- **INSTRUCTIONS TO FOLLOW**:
Print exactly the line that contains "Used 2018 Ice", then every following line through the end of the material; include nothing else and no pictures.

- **COLLECTED DATA**:
════

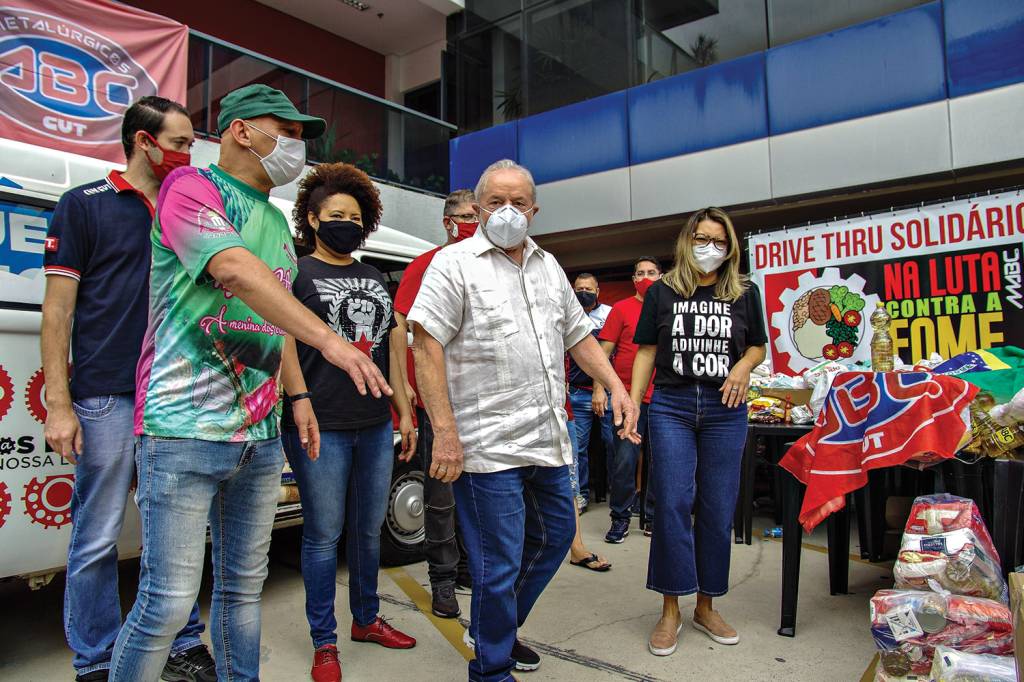 Presidente Lula Arrecadação de alimentos ADVERSÁRIO - Lula: obstáculo ao crescimento de Ciro -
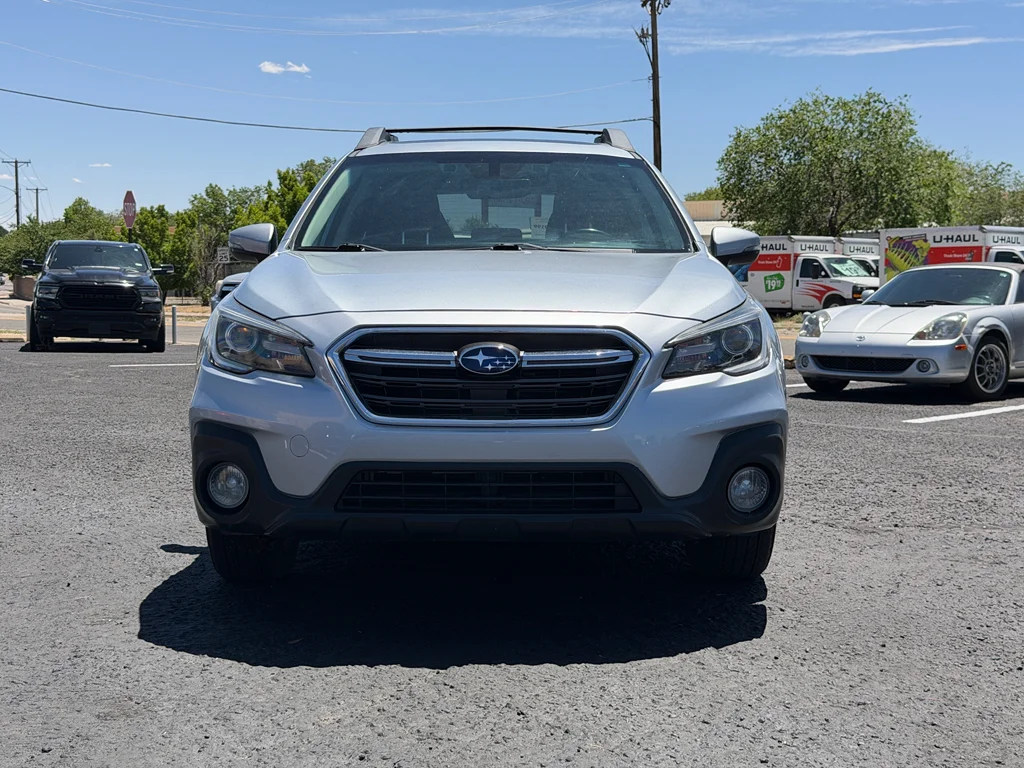 Used 2018 Ice Silver Metallic Subaru Limited image 2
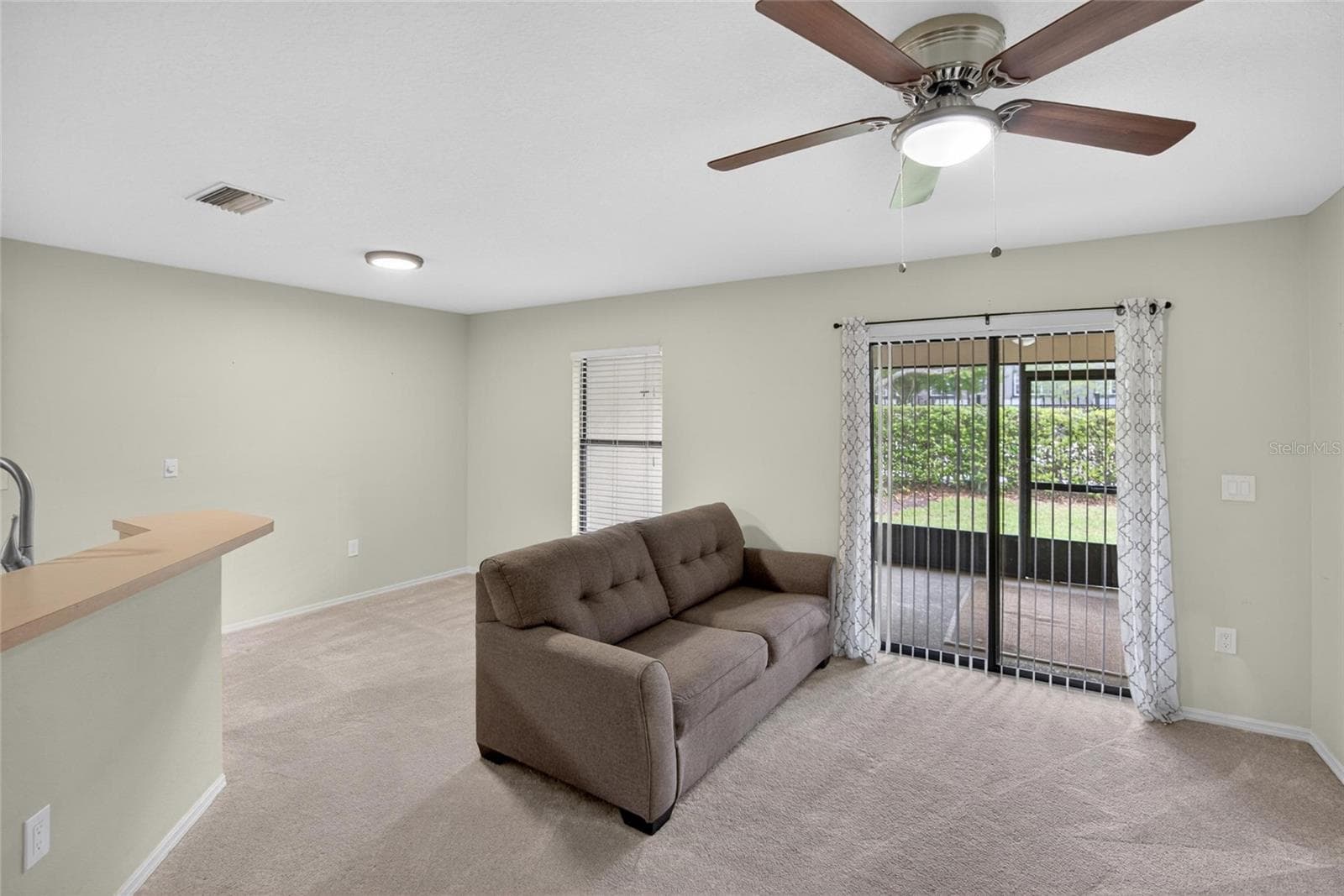 Townhouse at 2605 OLEANDER LAKES DR, BRANDON, photo 16 of 68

════

- **ANSWER**:
 Used 2018 Ice Silver Metallic Subaru Limited image 2
 Townhouse at 2605 OLEANDER LAKES DR, BRANDON, photo 16 of 68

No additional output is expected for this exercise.